Captioned web images:
▽

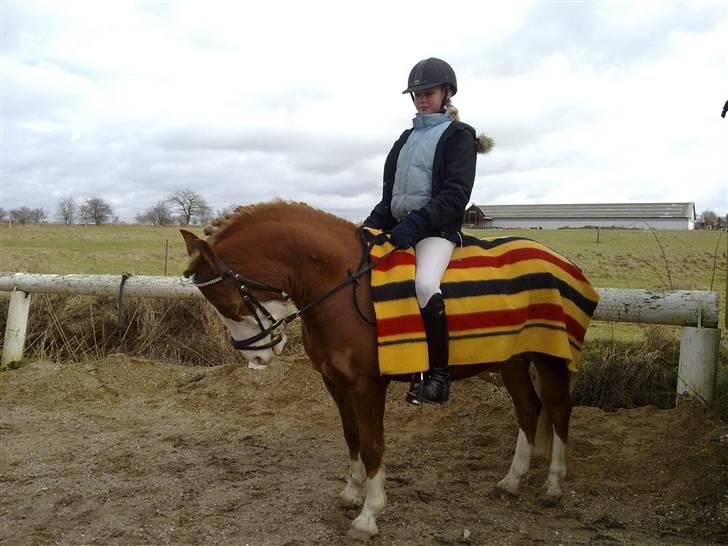 Welsh Pony af Cob-type (sec C) Gribsvads Mikkel( R.I.P ) - Mikkel og jeg til stævne billede 10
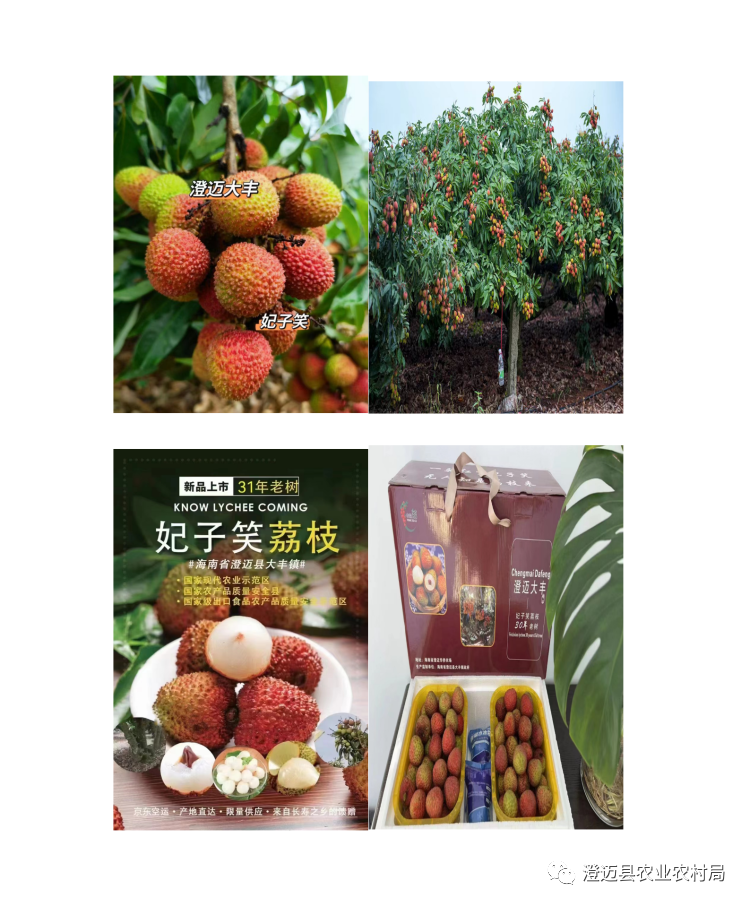 海南桥头富硒地瓜特点(海南桥头地瓜营养价值)-硒宝网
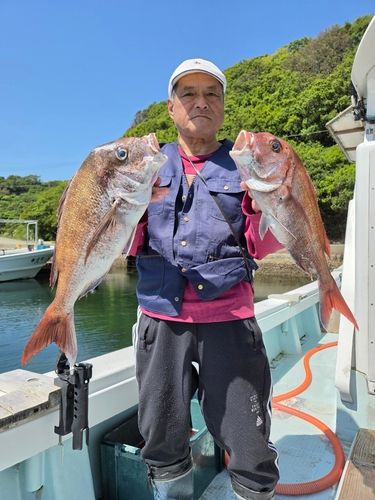 マダイの釣果
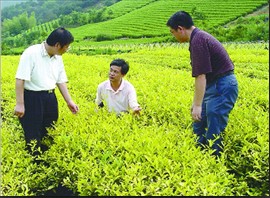 石门县地处湘西北边陲,茶叶是全县的农业支柱产业。据该县茶叶办主任马进福介绍,近两年石门的标准化茶园建设成果显着,增产5%左右,增值25%左右,亩平鲜叶收入达到6620元,最高达到每亩8500多元。
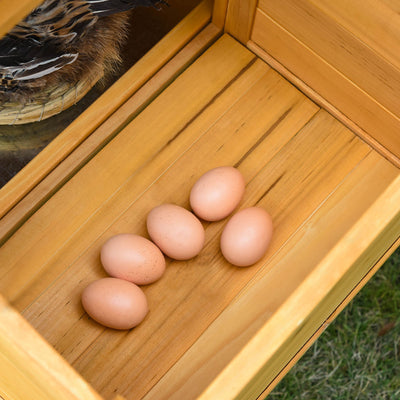 Deluxe 168cm Chicken Coop Small Animal Habitat Hen House with Run Nesting Box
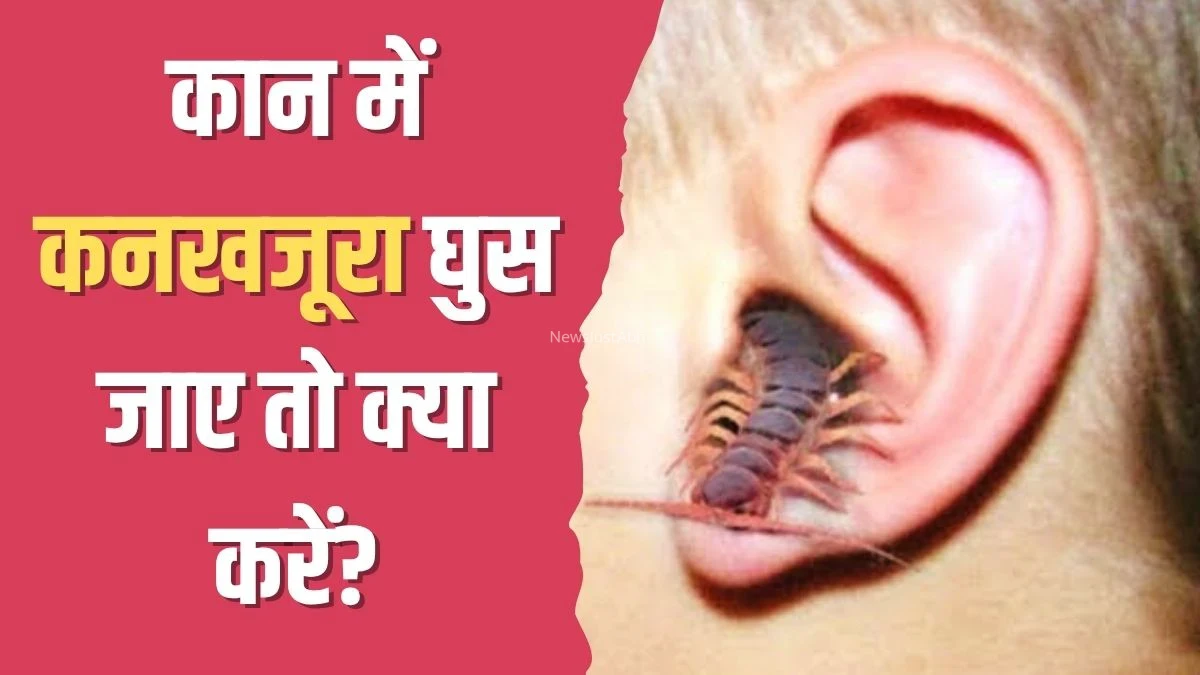 कान में कनखजूरा घुस जाए तो क्या करें? योग गुरु कैलाश बिश्नोई ने बताया इस एक काम को करने पर तुरंत आ जाएगा बाहर​​​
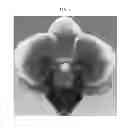 Fig. 03 - Phalaenopsis orchid plant named 'Pixie'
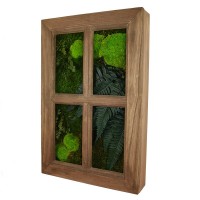 La Fenêtre Végétale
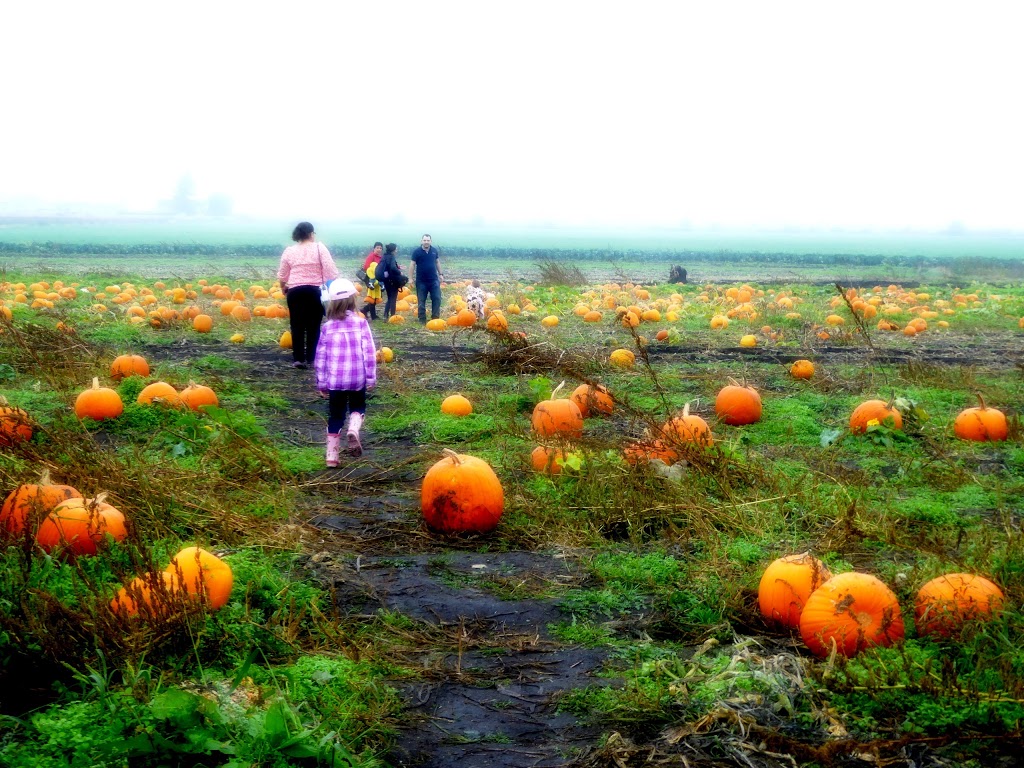 Rondriso Farms Pumpkin Patch and General Store | 8390 172 St, Surrey, BC V4N 3G4, Canada | Phone: (604) 574-5585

△

▶ _TASK_
Above are the records; reproduce them exactly and leave out the pictures.

▶ _FINAL ANSWER_
 Welsh Pony af Cob-type (sec C) Gribsvads Mikkel( R.I.P ) - Mikkel og jeg til stævne billede 10
 海南桥头富硒地瓜特点(海南桥头地瓜营养价值)-硒宝网
 マダイの釣果
 石门县地处湘西北边陲,茶叶是全县的农业支柱产业。据该县茶叶办主任马进福介绍,近两年石门的标准化茶园建设成果显着,增产5%左右,增值25%左右,亩平鲜叶收入达到6620元,最高达到每亩8500多元。
 Deluxe 168cm Chicken Coop Small Animal Habitat Hen House with Run Nesting Box
 कान में कनखजूरा घुस जाए तो क्या करें? योग गुरु कैलाश बिश्नोई ने बताया इस एक काम को करने पर तुरंत आ जाएगा बाहर​​​
 Fig. 03 - Phalaenopsis orchid plant named 'Pixie'
 La Fenêtre Végétale
 Rondriso Farms Pumpkin Patch and General Store | 8390 172 St, Surrey, BC V4N 3G4, Canada | Phone: (604) 574-5585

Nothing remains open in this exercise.